30

I have to analyzed a image which containing both English and Japanese texts. When I run tesseract by default (-l eng), some Japanese characters lost. Otherwise, if I run tesseract with japanese (-l jpn) some English characters lost (e.g. Email).

How can I run one process which recognize both English and Japanese characters?

Martin Thoma
  • 124,992
  • 159
  • 614
  • 958
pars
  • 409
  • 1
  • 5
  • 10

2 Answers2

53

Since tesseract 3.02 it is possible to specify multiple languages for the -l parameter.

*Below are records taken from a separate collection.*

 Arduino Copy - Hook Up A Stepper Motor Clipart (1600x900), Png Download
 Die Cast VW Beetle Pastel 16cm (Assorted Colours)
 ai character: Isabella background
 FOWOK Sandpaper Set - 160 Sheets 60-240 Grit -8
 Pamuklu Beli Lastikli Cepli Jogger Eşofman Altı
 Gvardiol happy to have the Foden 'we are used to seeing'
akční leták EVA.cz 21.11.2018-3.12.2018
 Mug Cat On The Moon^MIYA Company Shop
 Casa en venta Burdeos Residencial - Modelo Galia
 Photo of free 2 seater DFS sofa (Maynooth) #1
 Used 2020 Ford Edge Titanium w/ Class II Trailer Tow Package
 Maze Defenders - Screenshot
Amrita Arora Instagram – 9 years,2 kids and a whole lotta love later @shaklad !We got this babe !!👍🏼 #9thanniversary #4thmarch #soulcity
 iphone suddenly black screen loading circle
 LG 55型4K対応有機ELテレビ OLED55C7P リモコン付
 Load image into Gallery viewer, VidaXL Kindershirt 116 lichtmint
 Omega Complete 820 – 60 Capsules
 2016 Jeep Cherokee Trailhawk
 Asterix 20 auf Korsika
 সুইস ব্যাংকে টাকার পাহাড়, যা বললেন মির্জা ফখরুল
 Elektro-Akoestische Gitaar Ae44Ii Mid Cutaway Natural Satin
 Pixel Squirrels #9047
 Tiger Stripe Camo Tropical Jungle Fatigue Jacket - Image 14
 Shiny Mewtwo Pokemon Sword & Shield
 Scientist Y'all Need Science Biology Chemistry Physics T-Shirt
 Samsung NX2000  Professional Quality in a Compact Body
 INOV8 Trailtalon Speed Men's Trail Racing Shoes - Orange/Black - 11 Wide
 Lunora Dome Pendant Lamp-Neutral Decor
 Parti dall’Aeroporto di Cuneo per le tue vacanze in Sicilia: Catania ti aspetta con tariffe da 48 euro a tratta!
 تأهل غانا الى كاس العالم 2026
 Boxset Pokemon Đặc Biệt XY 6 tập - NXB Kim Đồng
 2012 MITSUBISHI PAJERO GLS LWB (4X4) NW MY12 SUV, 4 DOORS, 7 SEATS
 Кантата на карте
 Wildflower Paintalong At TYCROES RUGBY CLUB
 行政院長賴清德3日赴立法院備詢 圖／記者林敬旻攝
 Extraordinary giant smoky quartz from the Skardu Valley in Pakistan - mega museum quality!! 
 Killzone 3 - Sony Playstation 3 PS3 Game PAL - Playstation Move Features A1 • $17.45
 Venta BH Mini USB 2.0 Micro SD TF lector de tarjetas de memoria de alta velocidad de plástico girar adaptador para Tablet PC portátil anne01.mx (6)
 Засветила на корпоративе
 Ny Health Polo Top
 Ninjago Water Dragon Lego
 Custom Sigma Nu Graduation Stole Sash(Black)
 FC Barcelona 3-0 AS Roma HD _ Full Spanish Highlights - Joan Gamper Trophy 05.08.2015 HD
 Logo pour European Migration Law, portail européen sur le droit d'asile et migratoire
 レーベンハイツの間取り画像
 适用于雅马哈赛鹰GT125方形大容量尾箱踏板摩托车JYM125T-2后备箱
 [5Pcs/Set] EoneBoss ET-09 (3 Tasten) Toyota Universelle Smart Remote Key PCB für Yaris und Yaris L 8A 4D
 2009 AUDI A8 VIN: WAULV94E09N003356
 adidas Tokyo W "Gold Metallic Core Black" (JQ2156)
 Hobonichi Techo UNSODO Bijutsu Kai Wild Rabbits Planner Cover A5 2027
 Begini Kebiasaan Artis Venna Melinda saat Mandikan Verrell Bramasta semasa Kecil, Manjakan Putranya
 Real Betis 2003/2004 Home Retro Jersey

-l lang The language to use. If none is specified, English is assumed. Multiple languages may be specified, separated by plus characters. Tesseract uses 3-character ISO 639-2 language codes.

An example:

tesseract myscan.png out -l deu+eng
tobltobs
  • 2,782
  • 1
  • 27
  • 33
  • 7
    But what's the effect on precision? Is there a risk of getting some English words wrong which would be be recognised if I didn't specify another language? What if I have no idea about the language of the document and select ten languages? Does tesseract just try all languages on the whole text and then keep whichever words seem more likely to be correct based on the each language's dictionary? – Nemo Aug 22 '18 at 06:41
3

Try this:

custom_config = r'-l eng+jpn --psm 6'
txt = pytesseract.image_to_string(img, config=custom_config)

from langdetect import detect_langs
detect_langs(txt)

Note: you have to install langdetect by using:

 pip install langdetect
rahul
  • 53
  • 4